Your answer should be only the lines below from the one with "IOGEAR 4-Port USB" to the one with "Мотоблок мб-8 и навесное к нему", repeated exactly, ends included.

━━━━━━

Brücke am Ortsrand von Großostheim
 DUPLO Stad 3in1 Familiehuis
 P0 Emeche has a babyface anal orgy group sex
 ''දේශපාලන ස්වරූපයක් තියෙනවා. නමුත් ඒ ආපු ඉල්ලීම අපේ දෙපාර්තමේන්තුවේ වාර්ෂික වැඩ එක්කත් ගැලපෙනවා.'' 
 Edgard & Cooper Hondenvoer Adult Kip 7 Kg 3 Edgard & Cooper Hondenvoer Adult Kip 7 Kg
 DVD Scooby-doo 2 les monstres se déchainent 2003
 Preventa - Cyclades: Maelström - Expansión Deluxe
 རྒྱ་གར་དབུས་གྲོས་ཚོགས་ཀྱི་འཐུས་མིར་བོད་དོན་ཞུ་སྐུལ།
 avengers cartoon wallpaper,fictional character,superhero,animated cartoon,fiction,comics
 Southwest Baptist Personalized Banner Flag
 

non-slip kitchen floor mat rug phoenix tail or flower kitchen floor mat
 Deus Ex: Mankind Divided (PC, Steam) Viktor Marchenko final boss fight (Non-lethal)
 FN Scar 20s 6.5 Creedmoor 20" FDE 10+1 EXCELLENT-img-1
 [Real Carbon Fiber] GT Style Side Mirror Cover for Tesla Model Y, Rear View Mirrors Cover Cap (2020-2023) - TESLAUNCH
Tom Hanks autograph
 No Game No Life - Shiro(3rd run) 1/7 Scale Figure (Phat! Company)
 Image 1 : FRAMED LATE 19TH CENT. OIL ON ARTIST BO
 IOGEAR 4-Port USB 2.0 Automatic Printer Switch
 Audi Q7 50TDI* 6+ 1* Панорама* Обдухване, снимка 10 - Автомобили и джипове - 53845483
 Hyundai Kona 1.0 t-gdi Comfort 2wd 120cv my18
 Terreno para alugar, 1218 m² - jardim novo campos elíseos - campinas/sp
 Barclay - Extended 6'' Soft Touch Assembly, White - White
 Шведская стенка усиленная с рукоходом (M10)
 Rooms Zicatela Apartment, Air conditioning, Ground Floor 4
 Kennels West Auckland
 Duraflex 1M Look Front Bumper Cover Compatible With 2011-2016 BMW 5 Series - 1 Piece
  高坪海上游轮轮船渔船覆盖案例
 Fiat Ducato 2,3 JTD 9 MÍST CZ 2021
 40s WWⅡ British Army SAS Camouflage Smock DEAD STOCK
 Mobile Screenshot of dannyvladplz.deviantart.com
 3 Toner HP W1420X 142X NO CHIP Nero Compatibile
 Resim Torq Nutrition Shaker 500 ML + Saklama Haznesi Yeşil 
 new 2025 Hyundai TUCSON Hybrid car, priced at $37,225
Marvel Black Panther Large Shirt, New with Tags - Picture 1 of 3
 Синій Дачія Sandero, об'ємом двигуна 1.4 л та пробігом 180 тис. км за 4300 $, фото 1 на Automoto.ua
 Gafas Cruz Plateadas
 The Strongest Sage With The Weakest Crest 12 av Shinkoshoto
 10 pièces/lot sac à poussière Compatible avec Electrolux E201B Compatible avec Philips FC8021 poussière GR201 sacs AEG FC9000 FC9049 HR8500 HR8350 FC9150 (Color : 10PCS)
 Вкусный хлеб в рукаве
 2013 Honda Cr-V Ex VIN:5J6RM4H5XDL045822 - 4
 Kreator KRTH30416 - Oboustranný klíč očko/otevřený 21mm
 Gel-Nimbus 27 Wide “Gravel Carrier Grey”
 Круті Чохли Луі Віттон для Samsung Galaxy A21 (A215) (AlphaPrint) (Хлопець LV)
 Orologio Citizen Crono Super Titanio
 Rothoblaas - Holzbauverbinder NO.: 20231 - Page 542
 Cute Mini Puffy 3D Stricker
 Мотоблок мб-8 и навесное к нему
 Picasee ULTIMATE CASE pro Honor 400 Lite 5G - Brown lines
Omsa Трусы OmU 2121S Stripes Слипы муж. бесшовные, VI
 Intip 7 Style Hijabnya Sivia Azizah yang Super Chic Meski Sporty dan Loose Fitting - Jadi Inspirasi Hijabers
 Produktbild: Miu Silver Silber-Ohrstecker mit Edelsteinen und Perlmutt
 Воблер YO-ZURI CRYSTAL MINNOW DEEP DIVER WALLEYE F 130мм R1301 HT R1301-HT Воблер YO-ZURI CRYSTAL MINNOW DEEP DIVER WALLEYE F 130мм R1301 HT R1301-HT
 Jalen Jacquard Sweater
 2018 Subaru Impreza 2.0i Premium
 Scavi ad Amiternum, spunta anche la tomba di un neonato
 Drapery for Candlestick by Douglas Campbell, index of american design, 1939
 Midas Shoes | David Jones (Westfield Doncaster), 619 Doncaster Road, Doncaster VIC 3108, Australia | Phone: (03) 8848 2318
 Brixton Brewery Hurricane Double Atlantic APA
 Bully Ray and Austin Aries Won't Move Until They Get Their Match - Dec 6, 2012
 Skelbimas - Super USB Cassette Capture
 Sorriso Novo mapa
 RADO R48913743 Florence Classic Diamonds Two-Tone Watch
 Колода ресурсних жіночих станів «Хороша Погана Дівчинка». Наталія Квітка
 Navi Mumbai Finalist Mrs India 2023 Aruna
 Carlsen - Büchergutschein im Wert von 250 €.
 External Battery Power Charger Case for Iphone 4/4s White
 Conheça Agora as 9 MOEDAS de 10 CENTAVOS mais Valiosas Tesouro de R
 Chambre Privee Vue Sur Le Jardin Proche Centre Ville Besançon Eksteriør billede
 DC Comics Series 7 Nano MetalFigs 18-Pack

━━━━━━

◆ THE ANSWER:
 IOGEAR 4-Port USB 2.0 Automatic Printer Switch
 Audi Q7 50TDI* 6+ 1* Панорама* Обдухване, снимка 10 - Автомобили и джипове - 53845483
 Hyundai Kona 1.0 t-gdi Comfort 2wd 120cv my18
 Terreno para alugar, 1218 m² - jardim novo campos elíseos - campinas/sp
 Barclay - Extended 6'' Soft Touch Assembly, White - White
 Шведская стенка усиленная с рукоходом (M10)
 Rooms Zicatela Apartment, Air conditioning, Ground Floor 4
 Kennels West Auckland
 Duraflex 1M Look Front Bumper Cover Compatible With 2011-2016 BMW 5 Series - 1 Piece
  高坪海上游轮轮船渔船覆盖案例
 Fiat Ducato 2,3 JTD 9 MÍST CZ 2021
 40s WWⅡ British Army SAS Camouflage Smock DEAD STOCK
 Mobile Screenshot of dannyvladplz.deviantart.com
 3 Toner HP W1420X 142X NO CHIP Nero Compatibile
 Resim Torq Nutrition Shaker 500 ML + Saklama Haznesi Yeşil 
 new 2025 Hyundai TUCSON Hybrid car, priced at $37,225
Marvel Black Panther Large Shirt, New with Tags - Picture 1 of 3
 Синій Дачія Sandero, об'ємом двигуна 1.4 л та пробігом 180 тис. км за 4300 $, фото 1 на Automoto.ua
 Gafas Cruz Plateadas
 The Strongest Sage With The Weakest Crest 12 av Shinkoshoto
 10 pièces/lot sac à poussière Compatible avec Electrolux E201B Compatible avec Philips FC8021 poussière GR201 sacs AEG FC9000 FC9049 HR8500 HR8350 FC9150 (Color : 10PCS)
 Вкусный хлеб в рукаве
 2013 Honda Cr-V Ex VIN:5J6RM4H5XDL045822 - 4
 Kreator KRTH30416 - Oboustranný klíč očko/otevřený 21mm
 Gel-Nimbus 27 Wide “Gravel Carrier Grey”
 Круті Чохли Луі Віттон для Samsung Galaxy A21 (A215) (AlphaPrint) (Хлопець LV)
 Orologio Citizen Crono Super Titanio
 Rothoblaas - Holzbauverbinder NO.: 20231 - Page 542
 Cute Mini Puffy 3D Stricker
 Мотоблок мб-8 и навесное к нему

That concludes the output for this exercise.